The kids think this is terrible.  Whenever I go anywhere, I shut the door.  When I leave, I shut the door.  When I come back, I shut the door.  I’ll kick whatever plastic sword they have out of the way and shut the door.  I’m not going to swelter in my own home because these idiots can’t carry a key with them outside.


The kids know who I am.  Once a kids stood up to me and said (in a slightly entitled voice) “would you PLEASE leave the door open?”  


I repressed my smile of pure condescending glee and instead glowered at the kid with such crankiness that he took a step back.  “No.”  And I kicked out the plastic sword and shut the door behind me.


The kids have gotten smarter.  When they see my car pull up, they sprint into the apartment building, waiting for me to pass so they can wedge the door open as soon as my shadow has past.  It’s a smart move.  However, there is a smarter move.  The door on the other side of the building as 2 doors.  One to let the mailman in, and another that locks.  If they left that inside door open, everyone would be happy. 


The parents haven’t said anything to me.  If I was a parent, I think it’d be great if someone locked my kid outside so that I could have some peace and quiet.  Besides, if something terrible DID happen, the Old Grumpy Man upstairs would be the first to know, since he is forced to pay attention to what my kid is up to, and he’s probably not evil enough to let the kids get kidnapped/murdered/eaten by dinosaurs.


The door wars are going in my favor, and the reputation it’s won for me is well appreciated.  One day the kids were kicking a ball against the wall of my apartment, and bouncing it off the ceiling.  I’m the top apartment, and this was getting old fast.  I took a page out of “To Kill A Mockingbird” and channeled my inner Boo Radley.  I went out onto my balcony for about 10 seconds, and glowered.  Only one kid saw me.  I could tell because he did a startled double take so exaggerated I thought my glare had shocked him with 100 volts (a power I’ve been working on).  As soon as he turned to get his friends’ attention to alert them, I quickly jumped back into the apartment and out of sight.  For the next ten minutes I heard the kids argue with such terror in their voice.  They do this thing where they try to whisper like a Shakespearian actor would.  They scream their whispers, but add a lot more airy flourish to whatever it is they are saying.

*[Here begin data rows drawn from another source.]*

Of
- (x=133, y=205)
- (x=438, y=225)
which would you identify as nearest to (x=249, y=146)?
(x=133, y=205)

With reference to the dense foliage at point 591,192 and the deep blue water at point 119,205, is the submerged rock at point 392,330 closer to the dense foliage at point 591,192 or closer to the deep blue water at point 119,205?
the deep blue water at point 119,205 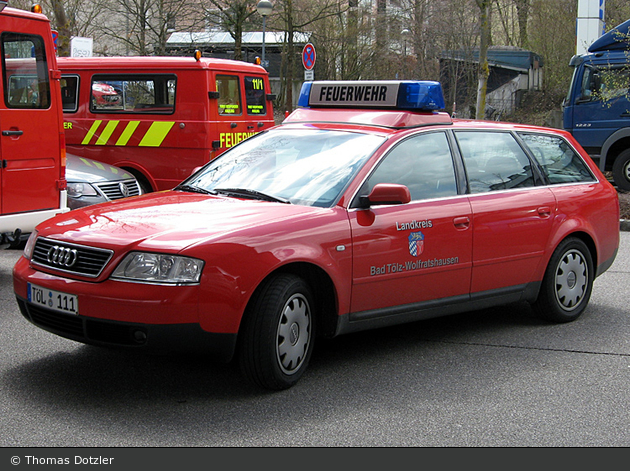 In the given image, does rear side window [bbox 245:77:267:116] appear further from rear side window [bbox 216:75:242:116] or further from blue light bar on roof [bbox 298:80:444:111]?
blue light bar on roof [bbox 298:80:444:111]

“I saw him!  He was out on the balcony”
“I didn’t see him!”
“He’s going to tell on us!”
“Don’t be silly!  He’s not there.”
“But what if he was?”
“I saw him!”
“No you didn’t!”
“Can we just go?”
“I guess.”


The incessant beat of the balls against my walls stopped during this conversation, and the haunting thought that I might be listening (I wasn’t trying to, but they are shouting outside my window so I hear it) drove them to play in a different yard.  The mystery of the Grumpy Old Man works wonders in the way that glowering never could.